If the game likes more cores than faster cores the 8 core cpu will be faster.

And there is nothing click bait about it if those requirements come directly from the Dev.

I've haven't played SS since #2 so I may grab this.

I already have the 8 core covered since I'm on a 3800X however my gpu is a RX580 which will be slower than the required ones for now until I upgrade to RDNA2
 
Not always.

If the game likes more cores than faster cores the 8 core cpu will be faster.

And there is nothing click bait about it if those requirements come directly from the Dev.

I've haven't played SS since #2 so I may grab this.

I already have the 8 core covered since I'm on a 3800X however my gpu is a RX580 which will be slower than the required ones for now until I upgrade to RDNA2

The only way an 8 core would be faster is if the game failed to utilize all cores of a <8 core CPU.
 
As of the current Steam Hardware Survey, only ~9.2% of rigs have these 8+ cores, meaning more than 90% can not meet the recommended specs.

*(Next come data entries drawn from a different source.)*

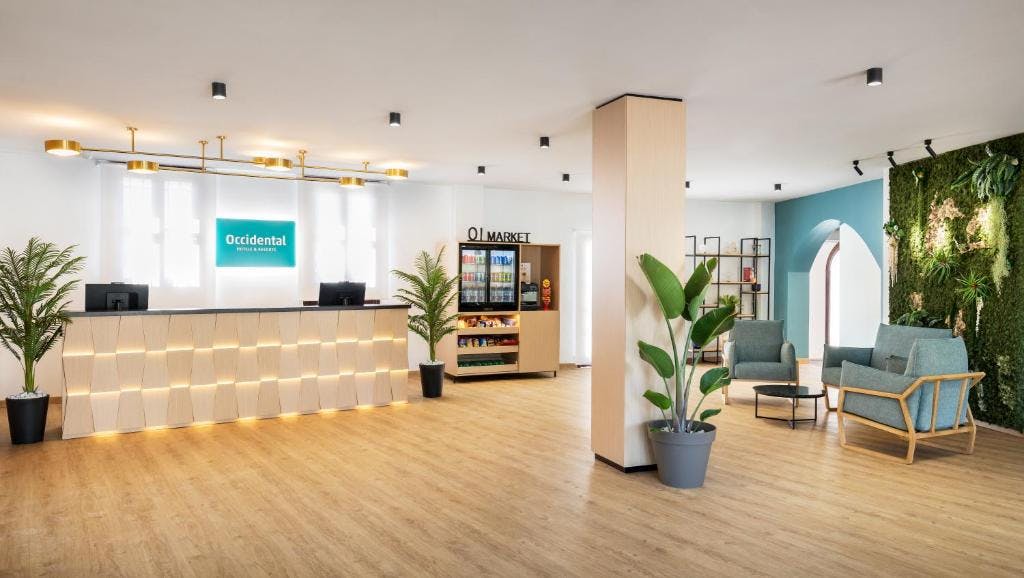 Billede av hotellet Occidental Pueblo Acantilado - nummer 7 af 19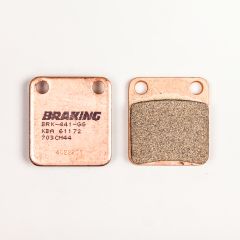 Braking Cm44 Sintered Sport Brake Pads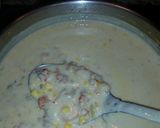 A picture of step 10 of Shrimp, Crawfish, And Corn Stew.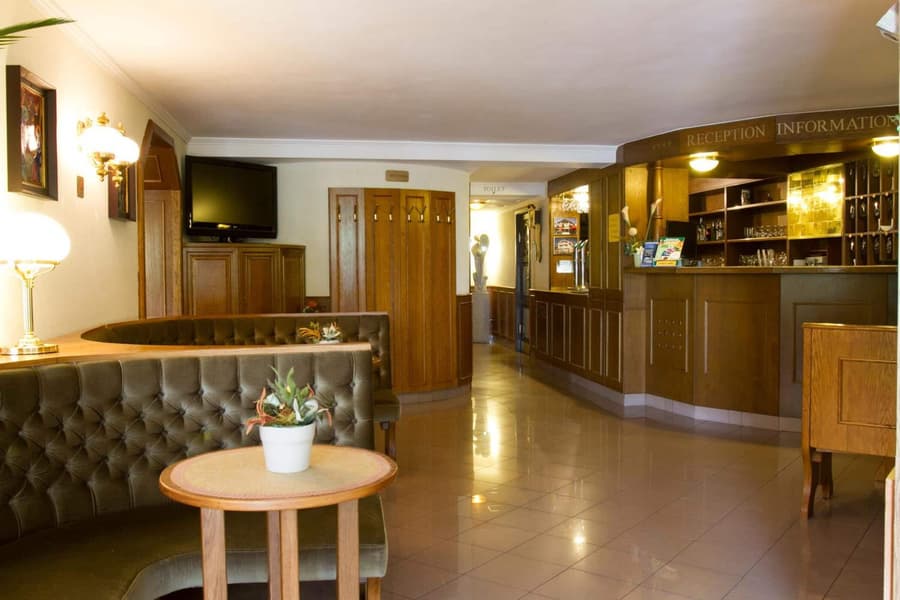 Hotel Molnár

I do not see how any for-profit publisher green lights this as a business proposition. I'm going to guess maybe the primary target is next gen consoles, they tried a PC port for a little extra cash, and the optimization didn't come out well.
 
As of the current Steam Hardware Survey, only ~9.2% of rigs have these 8+ cores, meaning more than 90% can not meet the recommended specs.

I do not see how any for-profit publisher green lights this as a business proposition. I'm going to guess maybe the primary target is next gen consoles, they tried a PC port for a little extra cash, and the optimization didn't come out well.

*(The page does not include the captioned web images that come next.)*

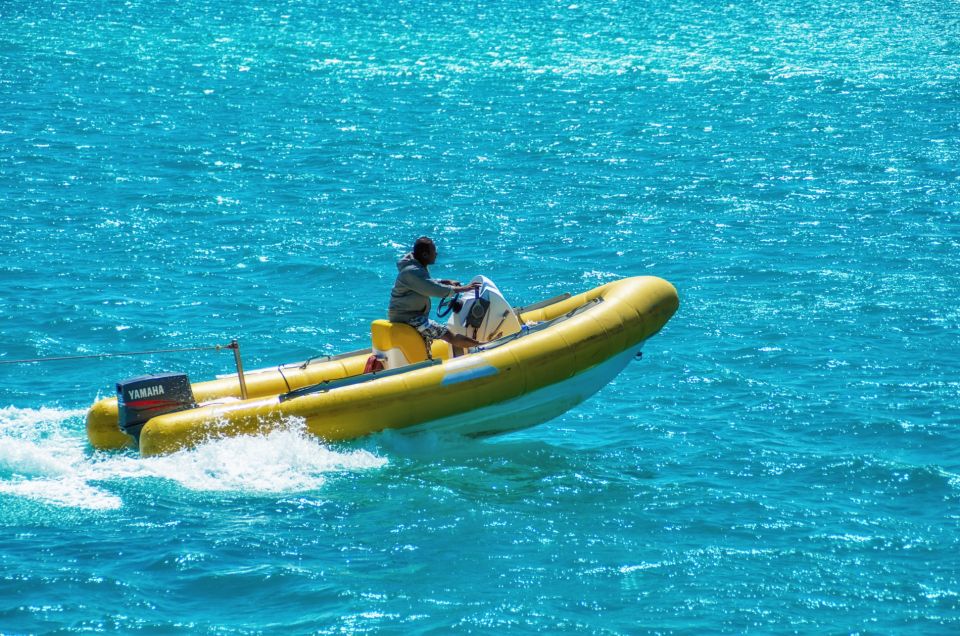 Makadi Bay: Dolphin Watching Boat Tour With Lunch & Drinks - Good To Know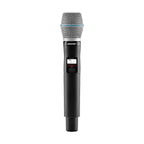Shure QLXD2S58H53 Wireless Digital Transmiter Handheld QLXD2/SM58 (H53: 534-598MHz)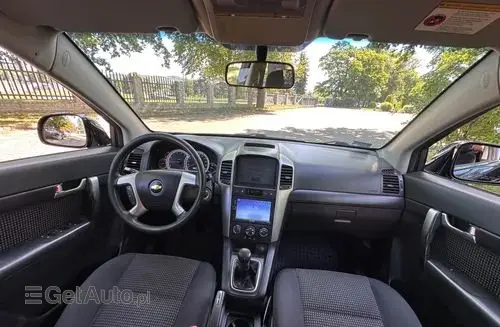 CHEVROLET Captiva 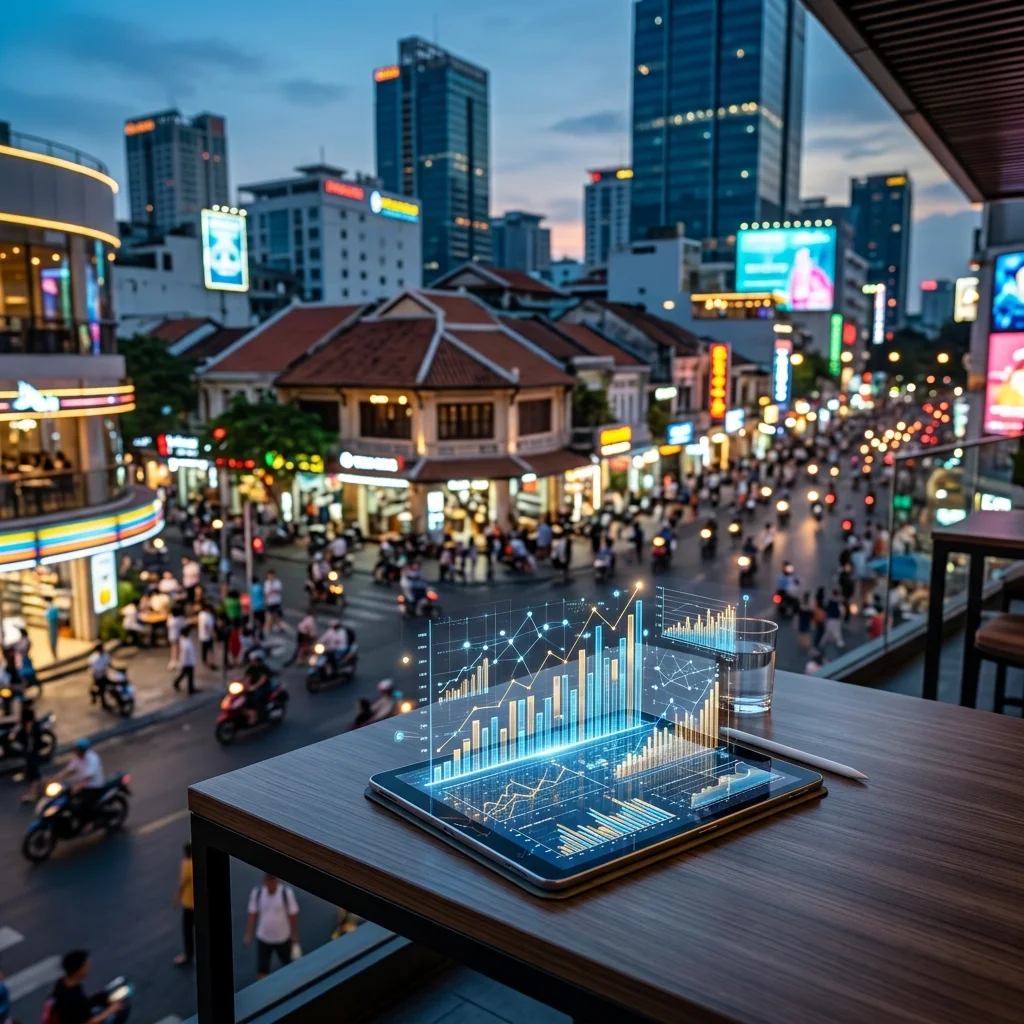 Báo cáo thị trường quý 1 2026 ngành bán lẻ ở Việt Nam 33 Báo cáo thị trường quý 1 2026 ngành bán lẻ ở Việt Nam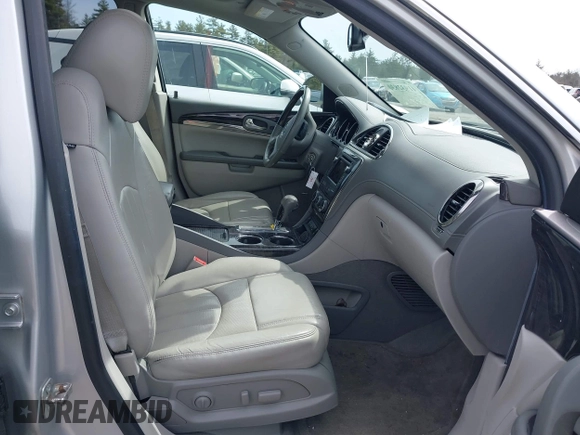 2016 Buick Enclave Leather with VIN 5GAKVBKD2GJ133192, listed as a IAAI auction lot 41932830 with 133,046 mi miles. Bid and sale history available at carsss.com. Image 5.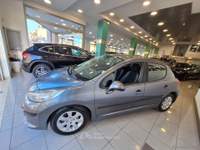 Peugeot 207 207 1.4 HDi 70 CV 5p. XT Grigio usata SAN MICHELE SALENTINO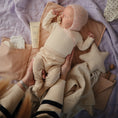Load image into Gallery viewer, Star Lovey Blanket
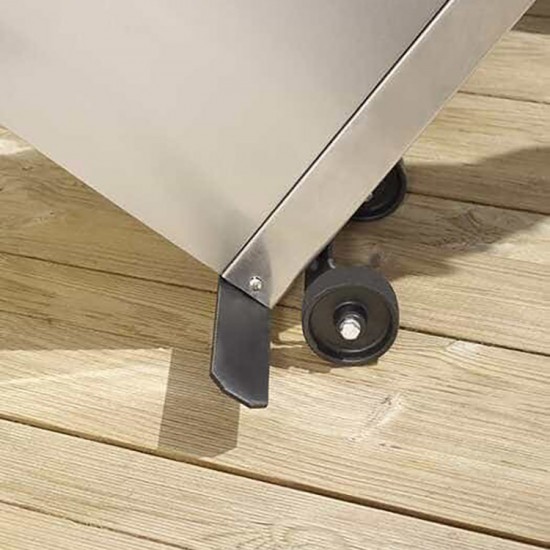 фото 4 Вуличний газовий обігрівач ENDERS ECOLINE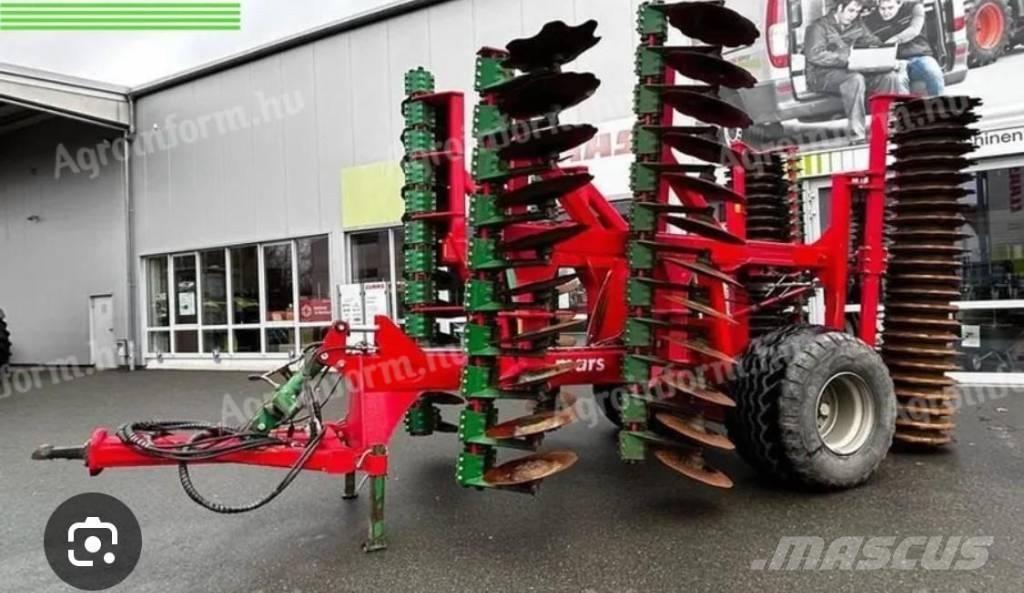 Unia Mars 6 XXL Scheibeneggen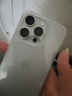 Apple iPhone 15 Pro【24期免息】蘋(píng)果15pro二手 國行全網(wǎng)通5G 蘋(píng)果手機 蘋(píng)果15 Pro原色鈦金屬 95新128G 國行【3期免息+三年保修+大禮包】 曬單實(shí)拍圖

The steam survey doesn't equal the whole market.

And you can play the game with less cores you will just have to turn stuff down or off.

I hope you guys all know both next gen consoles coming out this winter are 8 cores parts therefore you will see more and more games recommending it. If you are still on a quad core now maybe time to upgrade.
 
The steam survey doesn't equal the whole market.

And you can play the game with less cores you will just have to turn stuff down or off.

I hope you guys all know both next gen consoles coming out this winter are 8 cores parts therefore you will see more and more games recommending it. If you are still on a quad core now maybe time to upgrade.
All accurate, but also pretty much non-responsive to what I said. While Steam's measurement of ~9.2% may not be exact for every PC that has played a game in August, there's also no reason to believe the exact answer is materially different. IF the actual answer was double --- an incredibly unlikely proposition, the error is more likely a couple points at most -- would it still change the fact the publisher is aiming at a tiny fraction of existing PCs and therefore likely blowing it financially?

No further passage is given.